Your assignment
In the entries that follow, repeat exactly the lines from the one that has "Eagan Apartment: 896 Wescott Square" through the one that has "Запольского, закончили BBQ-вечеринкой.", but omit pictures.

Excerpted data
• • • • •

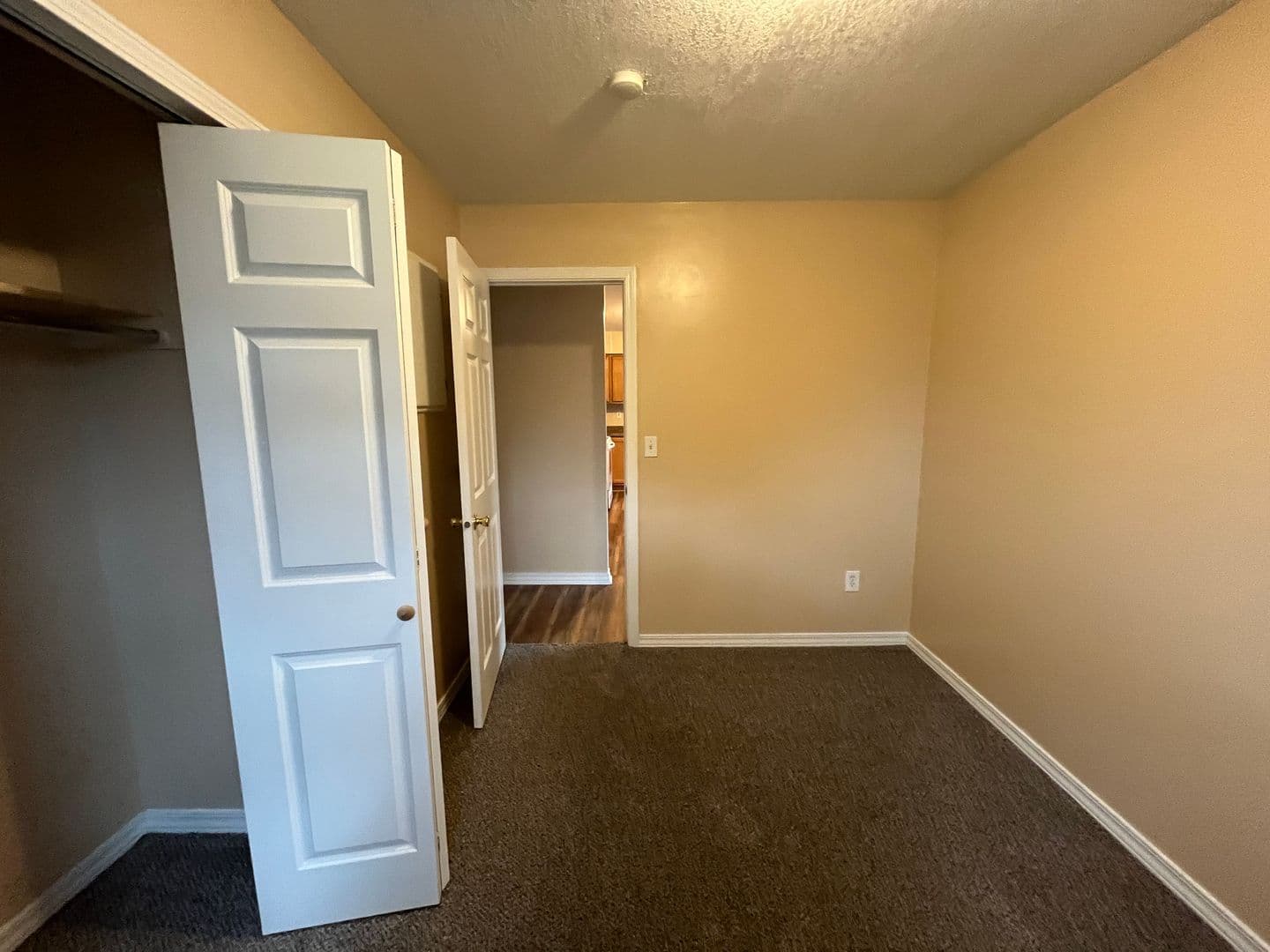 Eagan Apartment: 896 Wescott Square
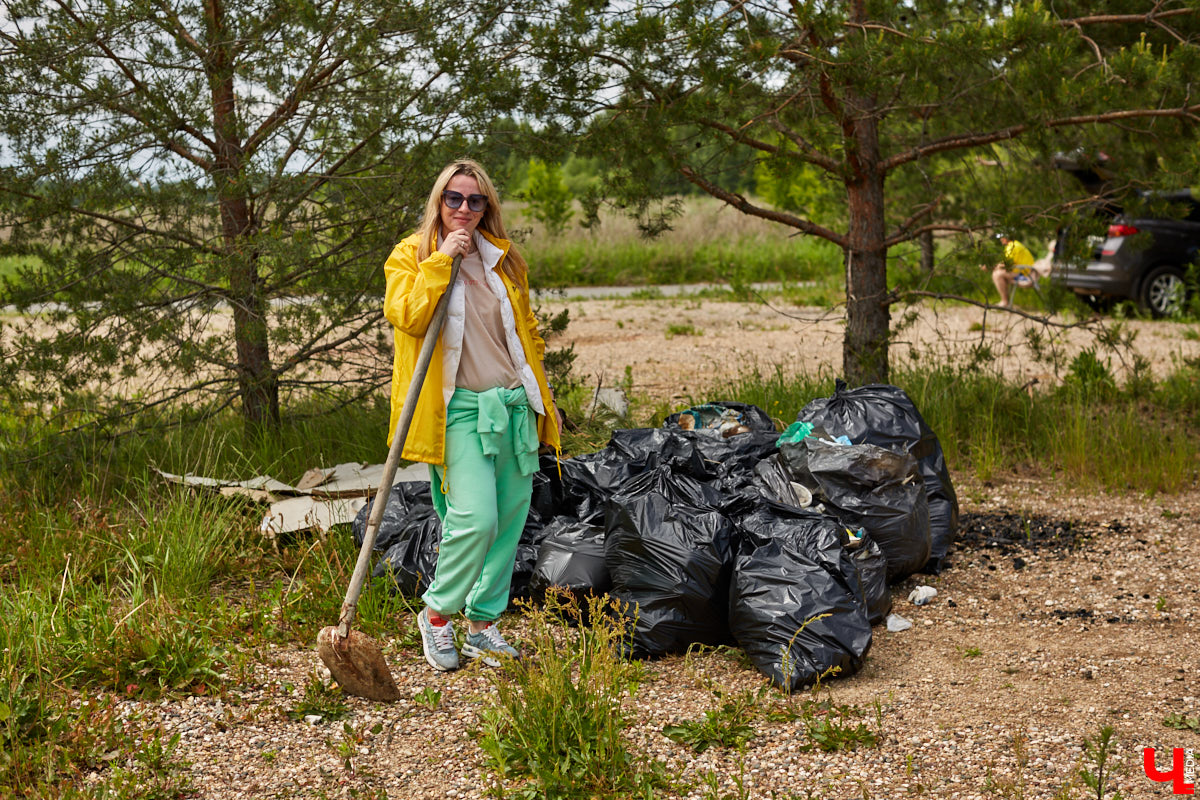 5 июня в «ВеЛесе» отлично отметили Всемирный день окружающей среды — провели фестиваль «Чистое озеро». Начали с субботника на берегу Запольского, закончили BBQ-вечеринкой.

• • • • •

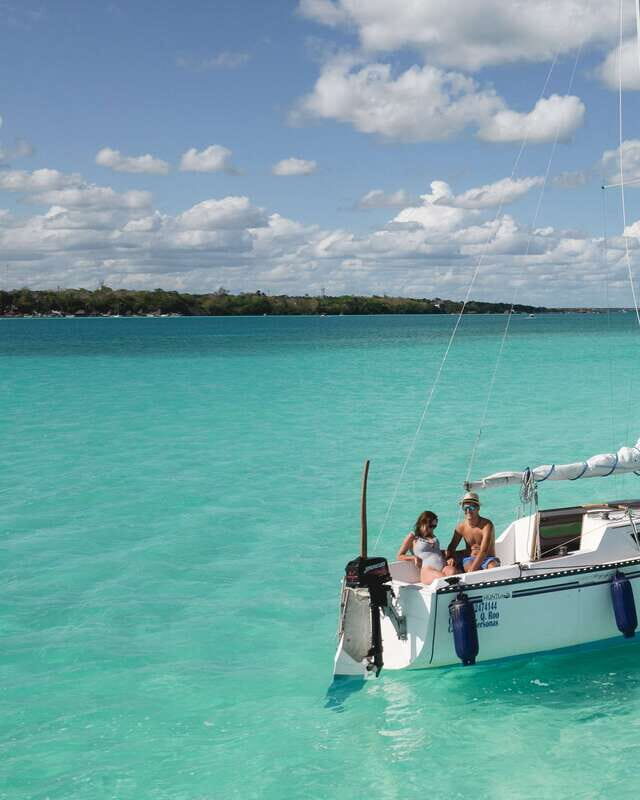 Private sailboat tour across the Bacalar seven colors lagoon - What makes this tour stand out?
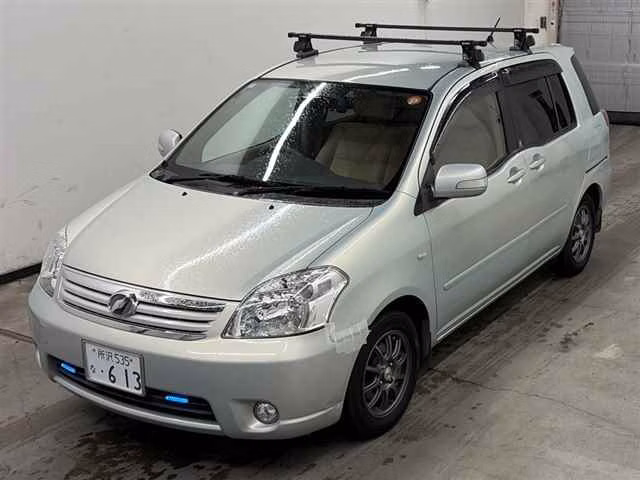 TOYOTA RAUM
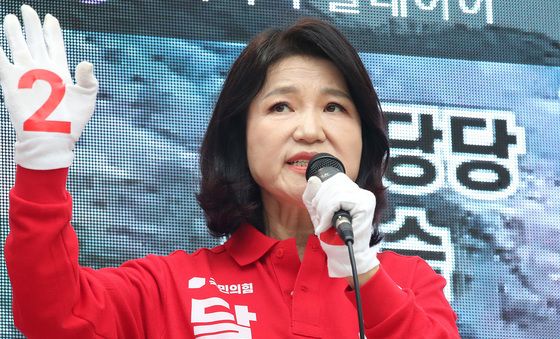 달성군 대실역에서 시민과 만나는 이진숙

• • • • •

Answer for this exercise
 Eagan Apartment: 896 Wescott Square
 5 июня в «ВеЛесе» отлично отметили Всемирный день окружающей среды — провели фестиваль «Чистое озеро». Начали с субботника на берегу Запольского, закончили BBQ-вечеринкой.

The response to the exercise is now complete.